### Information supplied
*** Begin section ***
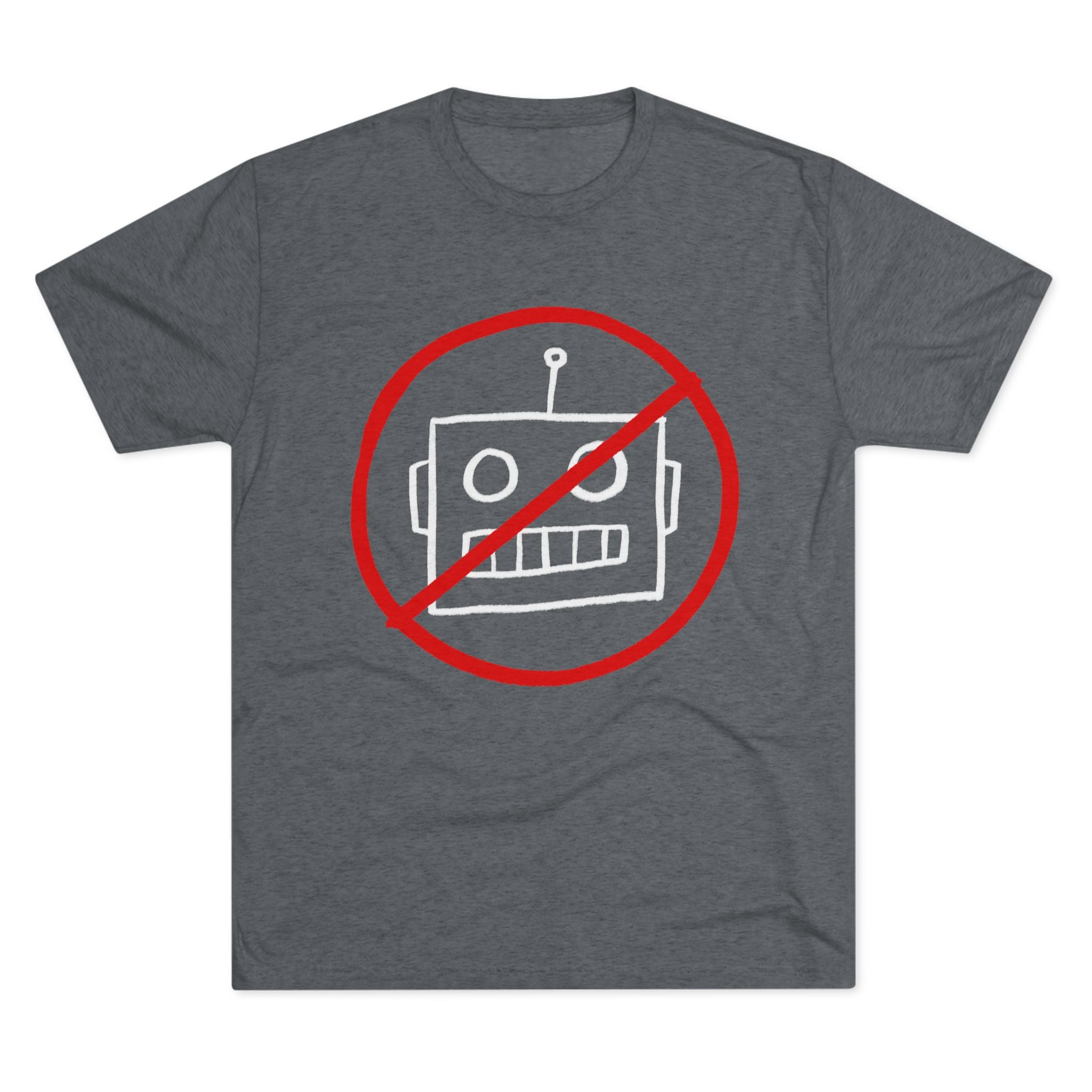 Unisex No AI Robot Tri-Blend Crew Tee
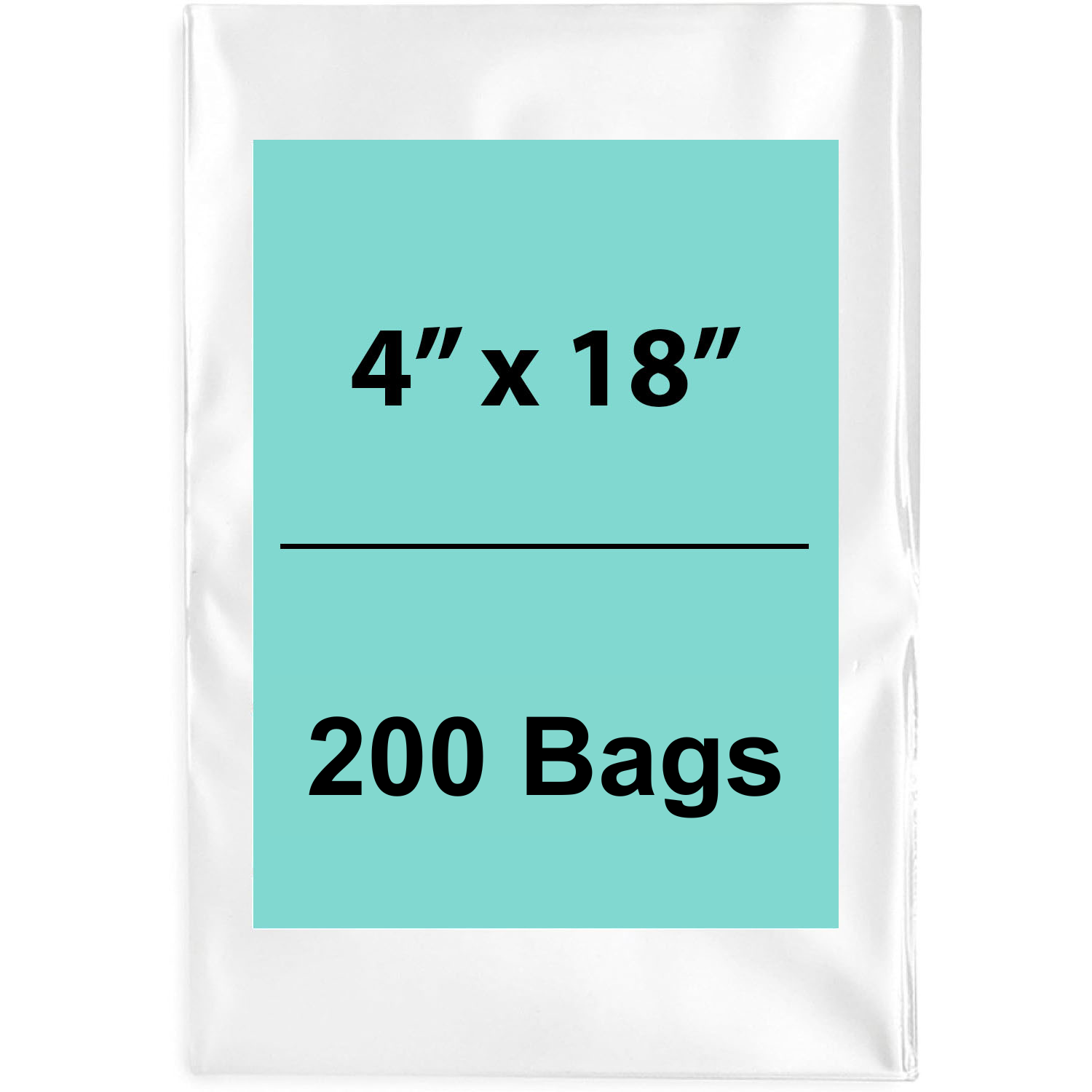 4X18 inches Clear Flat Poly Bags 2Mil Open Top (LDPE)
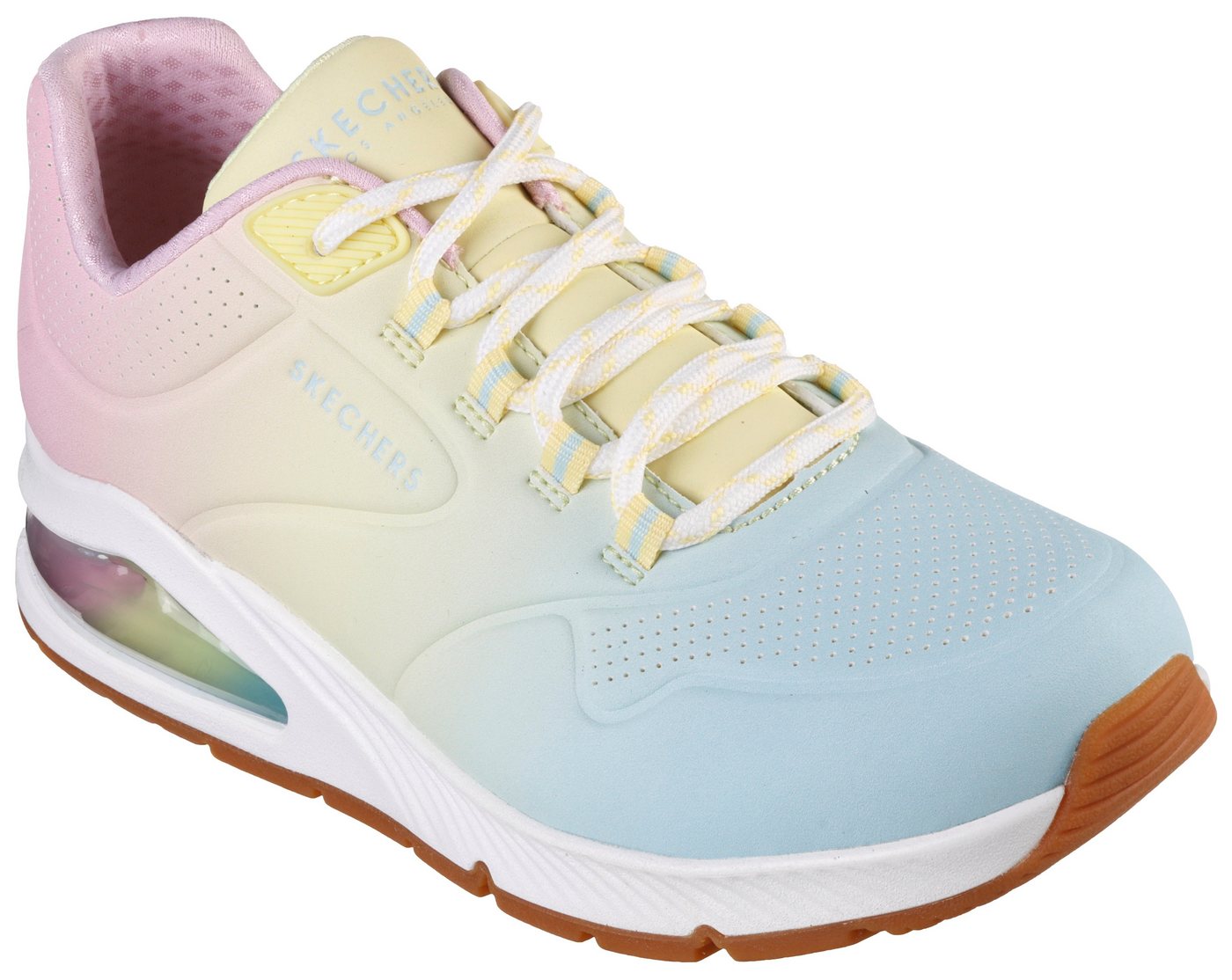 Skechers UNO 2 OMBRE AWAY Sneaker Freizeitschuh, Halbschuh, Schnürschuh in leuchtender Farbkombi (weiß)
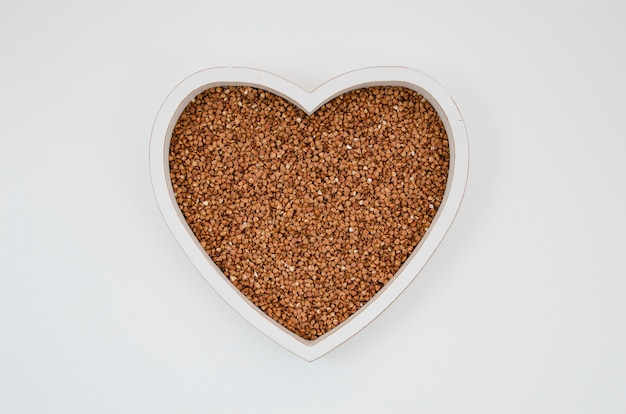 Free photo heart shaped buckwheat top view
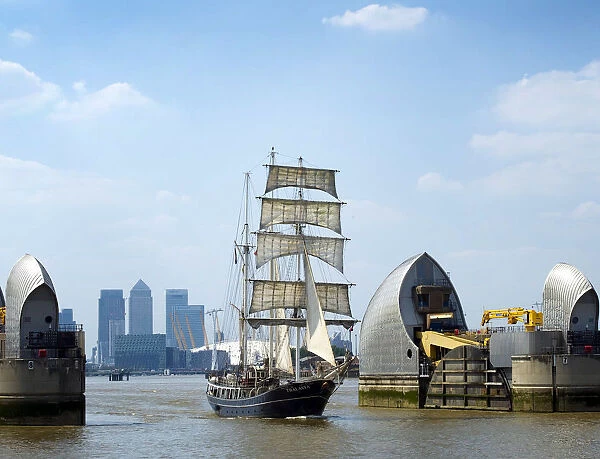 Tall ships sailing through the Thames Barrier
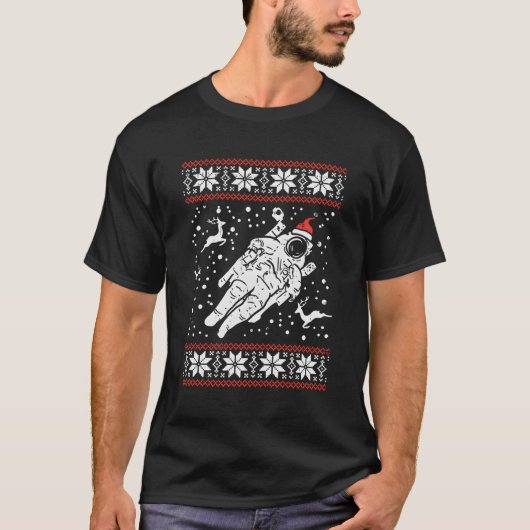 宇宙飛行士醜いクリスマスセータークリスマス宇宙恋人 Tシャツ (正面)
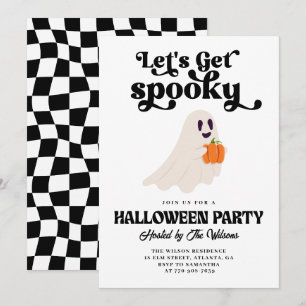 Invitación Groovy Ghost Hagamos Halloween con miedo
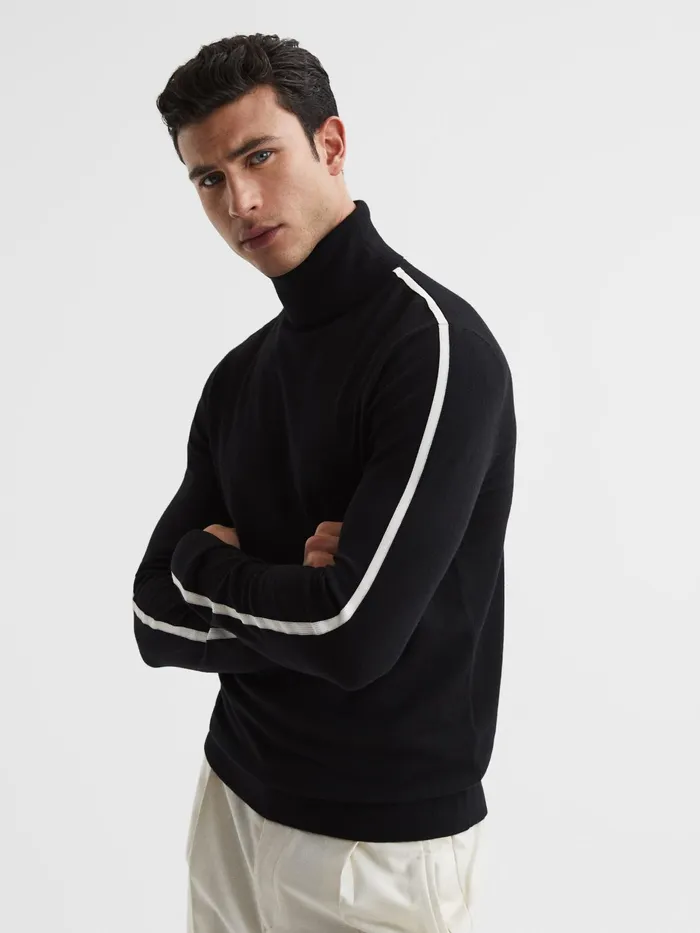 Reiss Knitwear Aspen Long Sleeve Roll Neck Jumper Black 8211 Men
*** End section ***
### Work instructions
What is needed is an exact repeat of only the lines from the one containing "Free photo heart shaped buckwheat top view" through the last line of the listing above, both ends included, without the pictures.

### Task result
 Free photo heart shaped buckwheat top view
 Tall ships sailing through the Thames Barrier
 宇宙飛行士醜いクリスマスセータークリスマス宇宙恋人 Tシャツ (正面)
 Invitación Groovy Ghost Hagamos Halloween con miedo
 Reiss Knitwear Aspen Long Sleeve Roll Neck Jumper Black 8211 Men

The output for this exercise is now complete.